Multimedia Data Analysis on a Massively Distributed Parallelization Network of Anonymous Web Clients

By Jeremy Hall – 2nd Year Master Student – Keio University

Professor Kiyoki's Laboratory

February 25th 2010

Overview

This semester I focused on the idea of forming a cloud video analysis resource from the combined power of clients browsing a website. This falls under the realm of “distributed and parallel computing”, but also “video analysis”. I submitted my research to two different conferences, the IEEE MAW10 (Mining and Web 2010) conference:

http://www.ece.uvic.ca/~kinli/MAW10/

Titled: "Multimedia Data Analysis on a Massively Distributed Parallelization Network of Anonymous Web Clients"

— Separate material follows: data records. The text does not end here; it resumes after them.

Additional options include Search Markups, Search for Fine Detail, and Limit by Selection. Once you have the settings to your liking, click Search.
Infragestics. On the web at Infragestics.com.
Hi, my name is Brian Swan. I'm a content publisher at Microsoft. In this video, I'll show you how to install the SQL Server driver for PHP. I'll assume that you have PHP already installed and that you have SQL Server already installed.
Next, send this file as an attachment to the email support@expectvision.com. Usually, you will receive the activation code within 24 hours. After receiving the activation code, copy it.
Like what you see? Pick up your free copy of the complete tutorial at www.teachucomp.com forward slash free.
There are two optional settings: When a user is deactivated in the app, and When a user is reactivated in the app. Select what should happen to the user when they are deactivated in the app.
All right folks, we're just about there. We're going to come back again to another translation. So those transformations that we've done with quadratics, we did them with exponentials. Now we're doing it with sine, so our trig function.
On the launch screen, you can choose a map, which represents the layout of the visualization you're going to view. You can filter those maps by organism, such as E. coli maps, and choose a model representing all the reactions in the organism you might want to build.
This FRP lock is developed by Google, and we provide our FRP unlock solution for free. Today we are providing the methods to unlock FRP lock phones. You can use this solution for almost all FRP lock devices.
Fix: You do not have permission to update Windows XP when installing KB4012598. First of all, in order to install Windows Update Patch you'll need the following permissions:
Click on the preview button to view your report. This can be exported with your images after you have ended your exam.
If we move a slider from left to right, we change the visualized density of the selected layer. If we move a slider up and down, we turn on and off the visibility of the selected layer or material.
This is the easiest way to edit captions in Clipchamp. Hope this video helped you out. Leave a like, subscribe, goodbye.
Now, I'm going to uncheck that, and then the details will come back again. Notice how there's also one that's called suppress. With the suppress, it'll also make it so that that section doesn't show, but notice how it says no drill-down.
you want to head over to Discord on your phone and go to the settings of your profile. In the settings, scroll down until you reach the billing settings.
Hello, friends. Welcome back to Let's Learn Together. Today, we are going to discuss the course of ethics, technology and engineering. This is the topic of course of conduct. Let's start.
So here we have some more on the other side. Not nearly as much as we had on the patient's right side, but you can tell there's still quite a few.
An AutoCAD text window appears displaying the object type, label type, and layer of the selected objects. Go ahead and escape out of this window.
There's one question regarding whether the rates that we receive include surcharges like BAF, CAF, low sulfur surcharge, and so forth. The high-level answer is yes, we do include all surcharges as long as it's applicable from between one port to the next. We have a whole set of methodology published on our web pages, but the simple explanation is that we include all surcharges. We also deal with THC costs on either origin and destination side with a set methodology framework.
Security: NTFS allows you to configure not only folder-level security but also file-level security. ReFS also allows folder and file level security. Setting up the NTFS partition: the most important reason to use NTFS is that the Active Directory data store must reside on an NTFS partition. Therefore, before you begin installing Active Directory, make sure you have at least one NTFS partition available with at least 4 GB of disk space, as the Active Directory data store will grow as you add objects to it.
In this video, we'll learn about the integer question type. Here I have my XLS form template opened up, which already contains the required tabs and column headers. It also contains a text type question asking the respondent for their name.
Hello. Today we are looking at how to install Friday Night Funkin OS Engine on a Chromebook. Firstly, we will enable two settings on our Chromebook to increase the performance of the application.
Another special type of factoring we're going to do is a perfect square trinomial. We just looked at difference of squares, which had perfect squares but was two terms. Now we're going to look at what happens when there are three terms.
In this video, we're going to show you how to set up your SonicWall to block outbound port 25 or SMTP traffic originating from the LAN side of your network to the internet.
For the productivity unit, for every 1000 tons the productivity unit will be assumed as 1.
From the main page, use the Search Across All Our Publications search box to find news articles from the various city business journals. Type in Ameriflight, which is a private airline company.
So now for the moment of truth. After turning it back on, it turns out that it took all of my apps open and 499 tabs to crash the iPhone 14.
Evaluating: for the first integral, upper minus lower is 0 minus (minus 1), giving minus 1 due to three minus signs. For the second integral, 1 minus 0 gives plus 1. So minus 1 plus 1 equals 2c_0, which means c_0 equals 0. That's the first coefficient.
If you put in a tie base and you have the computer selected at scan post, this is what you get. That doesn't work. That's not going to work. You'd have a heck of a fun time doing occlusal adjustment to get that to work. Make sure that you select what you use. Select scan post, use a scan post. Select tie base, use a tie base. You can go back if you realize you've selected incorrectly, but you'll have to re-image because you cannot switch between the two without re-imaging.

and the ACM SOCC (Symposium on Cloud Computing) conference:

http://research.microsoft.com/en-us/um/redmond/events/socc2010/

Titled: "A Reverse-Cloud Distributed Video Analysis System with Autonomous Client-Driven Task Allocation"

My first paper was accepted by the MAW10 conference. The second paper was not accepted, however I plan to revise it, and resubmit it to another international conference.

Research Abstract

The following is the abstract I used for the ACM SOCC conference paper, and nicely summarizes the research I engaged in:

“This paper proposes a distributed content-based video analysis system that utilizes the combined computing power of anonymous web clients – those users anonymously browsing a website – as a cloud computing resource on which to perform content-based video analysis. Our goal is to enable a new, scalable video-analysis resource on which organizations can perform more complex video analysis in order to improve video retrieval accuracy and relevance for their users without significantly impacting the costs of performing video analysis. The unique feature of this system, called a “reverse-cloud”, uses autonomous client-driven organization mechanisms that enable us to exploit large numbers of anonymous web clients, seamlessly harnessing their power as they connect while being able to ignore the complexity of actively managing such a volatile resource. The following are the two key technologies of this architecture: 1) a dual-channel communications protocol, which defines a logical communications model to use between servers and anonymous web clients, and 2) a task allocation algorithm featuring client-driven organization mechanisms based on random selection for enabling stateless, implicit communications. We have created a prototype implementation by mapping a computationally and IO intensive video analysis algorithm onto our architecture so that we can evaluate the effectiveness and utility of our proposed architecture.”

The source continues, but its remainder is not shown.